Tulisan ini dibagi atas tiga bagian. Bagian pertama---karena keterbatasan ruang dan kolom maka dipecah menjadi dua tulisan---akan membahas tentang peristiwa sadis nan menyedihkan 40.000 jiwa dan pro-kontranya. Bagian kedua bercerita tentang sosok Raymond Pierre Paul Westerling dan sepak terjangnya, dan bagian terakhir memaparkan konspirasi dan sikap Belanda atas pembantaian yang dilakukan tentaranya yang masuk dalam kategori kejahatan atas kemanusiaan (crimes against humanity) yang memungkinkan diajukan ke International Criminal Court (ICC) di Den Haag, Belanda.
Tulisan pertama ini dibuka dengan nightmare warga Sulawesi Selatan. Bermula ketika Westerling tiba di Makassar pada 5 Desember 1946. Ia memimpin 120 orang dari DST dan mendirikan markas di desa Mattoanging. Di sinilah si ”Turki” (gelarannya karena lahir di Turki) menyusun strategi untuk Counter Insurgency (penumpasan pemberontakan) dengan caranya sendiri. Ia tidak berpegang pada Voorschrift voor de uitoefening van de Politiek-Politionele Taak van het Leger - VPTL (Pedoman Pelaksanaan bagi Tentara untuk Tugas di bidang Politik dan Polisional), ketentuan yang mengatur tugas intelijen serta perlakuan terhadap penduduk dan tahanan.
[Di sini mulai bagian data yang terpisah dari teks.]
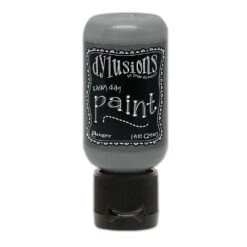 Dylusions Flip Cap Paint Rainy Day, 1oz
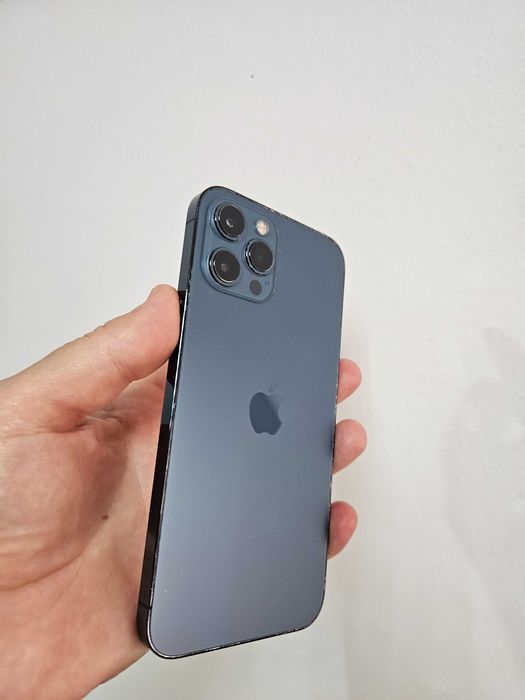 IPhone 12 Pro Max, 512 Gb, neverlock, garantie.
Aksi pertama operasi Pasukan Khusus DST dimulai pada malam 11 menjelang 12 Desember. Sasarannya adalah Desa Batua serta beberapa desa kecil di sebelah Timur Makassar. Westerling sendiri yang memimpin operasi ini. Pasukan pertama berkekuatan 58 orang dipimpin oleh Sersan Mayor H Dolkens menyerbu Desa Borong, dan pasukan kedua dipimpin Sersan Mayor Instruktur J Wolff beroperasi di Desa Batua dan Patunorang. Westerling sendiri bersama Sersan Mayor Instruktur W Uittenbogaard dibantu oleh dua ordonan, satu operator radio serta 10 orang staf menunggu di Desa Batua.